7.5 Quotes from the article would give a flavour of the methodology of labelling that we have mentioned.

· I was drawn to this report for this very reason. For as the personal accusations reached a crescendo over the last 6 weeks, despite my compulsive search of all accounts from Gujarat, I had not seen any substantiation to the charge that the State government carried out the attacks on Muslims. Of course, there is no dearth of accusations -- and the headlines in the Indian press, never known for the mastery of subtlety, skip words like "complicity" and just accuse Modi of murder. Yet here was a report from a foreign organization, no less, that confidently declares state participation and complicity in the massacres. Now I had read the 1999 report on Kashmir by the HRW, an amalgamation of Indian Army human rights abuses that failed to devote even a sentence to the plight of Kashmiri Hindus. I was eager now to understand what this inexplicably often-quoted organization had to say of Gujarat.

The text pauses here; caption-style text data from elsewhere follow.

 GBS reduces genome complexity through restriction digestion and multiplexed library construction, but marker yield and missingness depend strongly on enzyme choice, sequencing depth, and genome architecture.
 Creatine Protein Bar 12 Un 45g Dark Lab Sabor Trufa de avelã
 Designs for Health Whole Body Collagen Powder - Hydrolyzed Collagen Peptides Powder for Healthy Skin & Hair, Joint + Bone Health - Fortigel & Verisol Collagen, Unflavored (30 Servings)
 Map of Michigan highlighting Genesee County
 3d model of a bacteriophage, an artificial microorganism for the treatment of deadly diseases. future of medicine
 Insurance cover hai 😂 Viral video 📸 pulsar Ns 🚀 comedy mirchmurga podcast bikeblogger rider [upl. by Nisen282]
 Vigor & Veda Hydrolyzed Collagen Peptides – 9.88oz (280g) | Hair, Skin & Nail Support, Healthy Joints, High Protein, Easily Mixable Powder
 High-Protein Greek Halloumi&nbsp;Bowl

· Ostensibly written as an account of a tragic, maniacal orgy of murder, this 75-page report evolves into nothing more than a politically charged and hopelessly biased self-serving account.

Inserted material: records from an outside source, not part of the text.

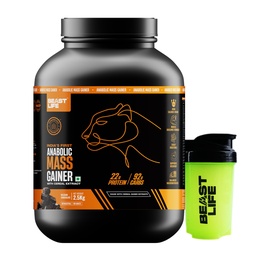 Beast Life High Protein Mass/Weight Gainer | 2.5 KG | Belgian Chocolate with Free Shaker | NABL LAB Tested | For Muscle Gain & Fast Growth | Cereal-Based Formula, No Maltodextrin | India's #1 Cereal Based Bulk Gainer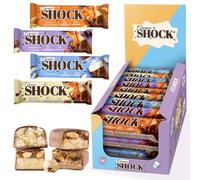 Fitnesshock Protein Bars High Fiber, Low Carb Protein Snack Bars - No Added Sugar, Rich Chocolate Flavors | Variety Box | 24x50g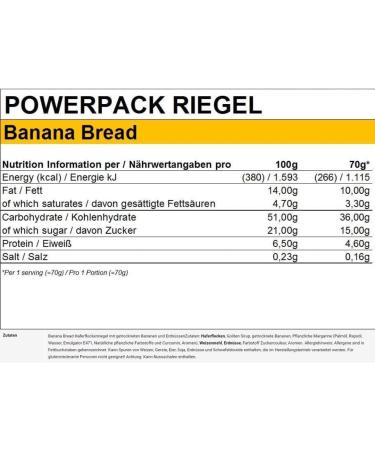 Peeroton Powerpack Riegel Banana Bread - Sugar-Free Protein Snack & Meal Replacement - 18 x 50g Oat Bars for Long-Lasting Energy - Buy Online on GoSupps.com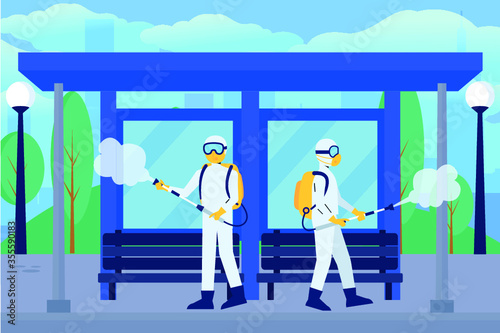 men in protective suit spraying disinfectant to cleaning and disinfect virus, Covid-19, Coronavirus, preventive measure.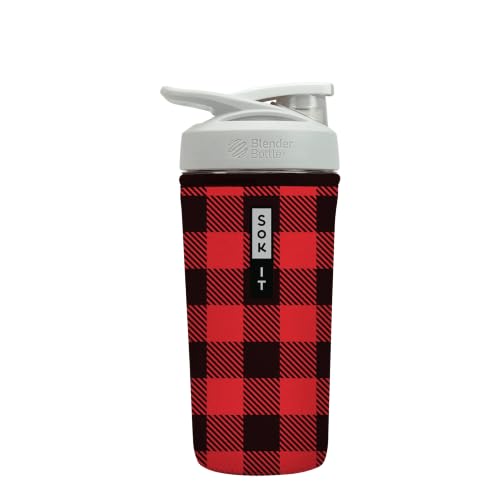 Sok It BotlSok Protein Blender Shaker Bottle Sleeve Insulated Neoprene Cover (Buffalo Check, Fits 28oz Blender)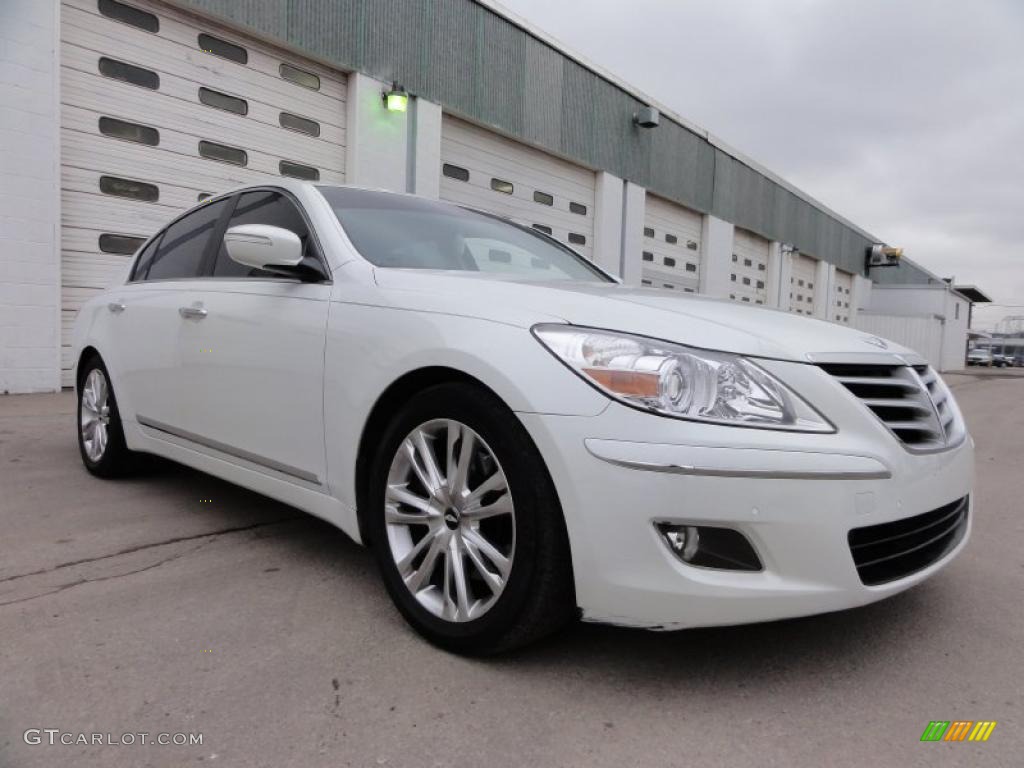 White Satin Pearl 2009 Hyundai Genesis 4.6 Sedan Exterior Photo #45662953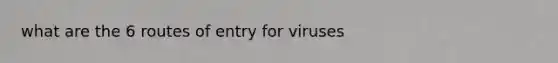 what are the 6 routes of entry for viruses
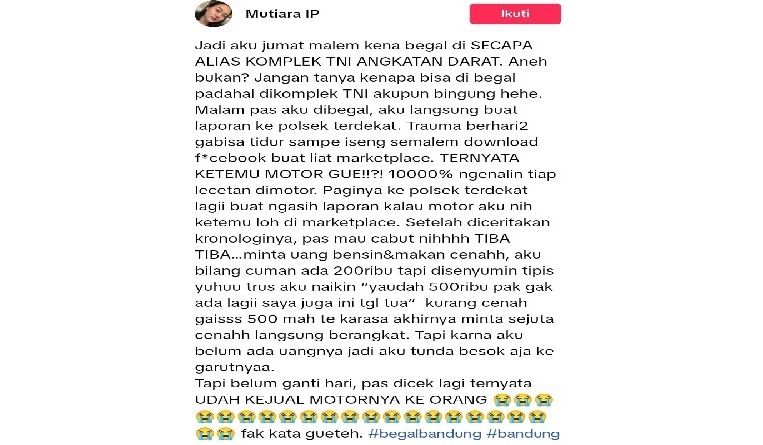 Viral Korban Begal Motor di Bandung Diduga Dimintai Uang saat Buat Laporan Polisi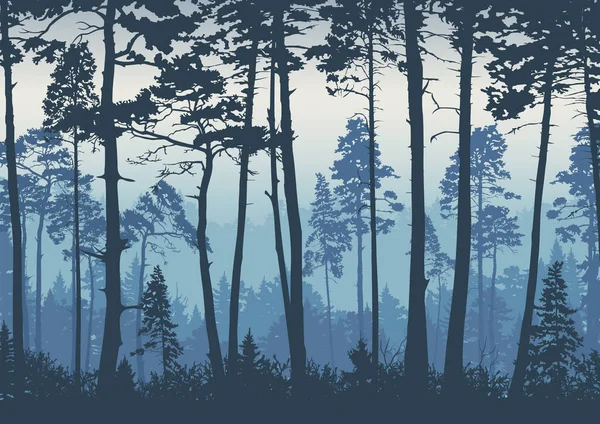 Fondo Con Plantas Paisaje Del Condado Con Árboles Bosque Vector — Archivo Imágenes Vectoriales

· The first salvo without which this report would not exist -- the Godhra train burning -- merits exactly 1 paragraph on page 13. That's correct -- 3 sentences out of 75 pages describe the killing of innocent Hindus that sparked a national nightmare. The remainder of the Godhra chapter exhaustively quotes Celia Dugger of the New York Times and Rajiv Chandrasekaran of the Washington Post and their long-exposed, sadistic, blame-the-Hindu victim journalistic gymnastics.

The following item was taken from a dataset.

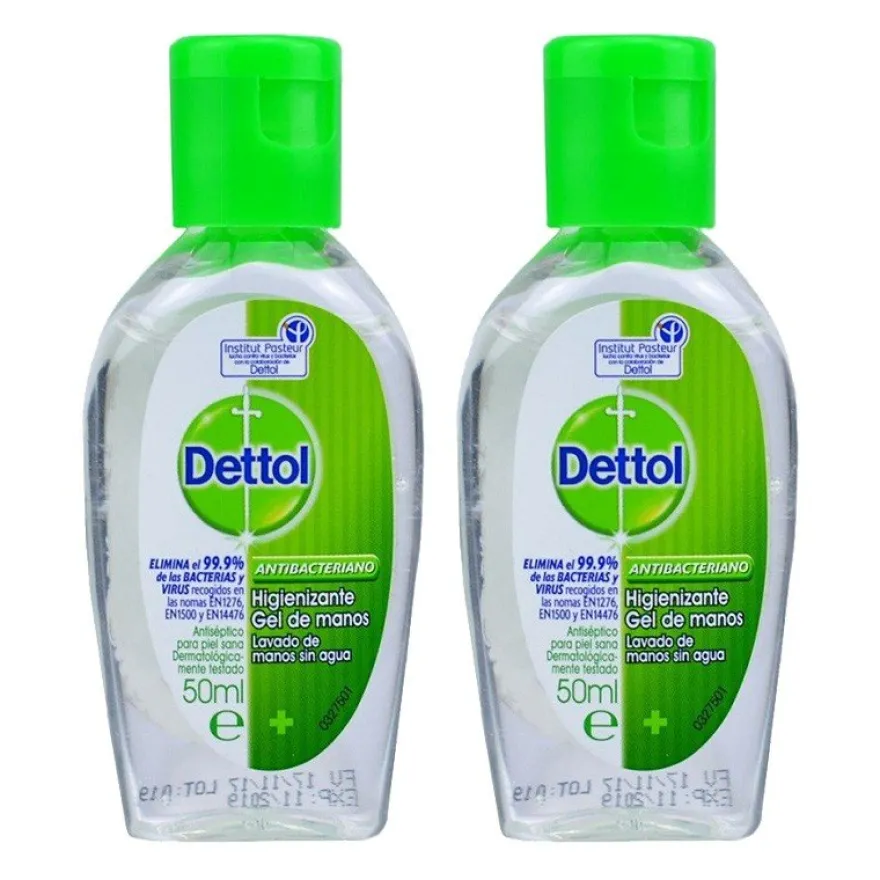 DETTOL Duplo Gel de Manos Hidroalcoholico Antibacteriano 2x50ml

· In its haste to blame the government, the report again overlooks the facts of rapid police deployment and the massive police firing that disproportionately killed Hindu rioters: 90 companies of the State Reserve Police were called in on February 27, 2002 itself, and over 3,900 rounds of ammunition killed close to 100 rioters. The Gujarat Police overlook a population of 50 million (that would rank as the 22nd most populous country in the world) and have largely succeeded in keeping violence at a minimum within one city since the initial days of madness.

· If the rest of the 73 pages of anti-Sangh hatred are not enough, though utterly unrelated, almost 2 pages are devoted to anti-Christian violence. Keep in mind again that the Godhra train killing merited 1 paragraph!

· Why do I devote this article to a report written by an insignificant paper-pusher with no journalistic integrity securely sheltered in New York City? This report is a convenient summary of a rampant dogma among circles immersed in a modern day political witch-hunt. A witch-hunt aimed at discrediting an opposing ideology -- it is tantamount to an arrogant rejection of Indian democracy, Gujarati electoral intelligence and due process. For evidence of immediate repercussions, just wait until the next session in the United States Congress when the shrinking, yet shrill, India-baiters begin spewing their venom India's way. You can count on them being armed with the HRW report making its way through Washington.

7.6 Shukla was right on the button. Such reports are a staple in the campaign of spit-and-run.

7.7 A third analysis is an article "Politics by Other Means", which looks at a few of the recent reports by Human Rights Watch on India. This article was written by Arvin Bahl, an undergraduate student at Princeton University, and is Chapter 31 of the book "Gujarat after Godhra - Real violence, selective outrage", edited by Ramesh Rao and Koenraad Elst, and published by Har-Anand Publications. Bahl says:

· Upon closer examination, however, extensive and systematic bias exists in HRW's reports on human rights and communal violence in India. The most glaring defect of HRW's reports is the lack of concern for the rights and lives of Hindus. Incidents of communal violence in which both the Hindu majority and a particular minority community are involved in, and share the blame, are portrayed as one-sided attacks by Hindus against 'innocent minorities'. Human rights abuses against Hindus are ignored or downplayed compared to attacks against other religious groups.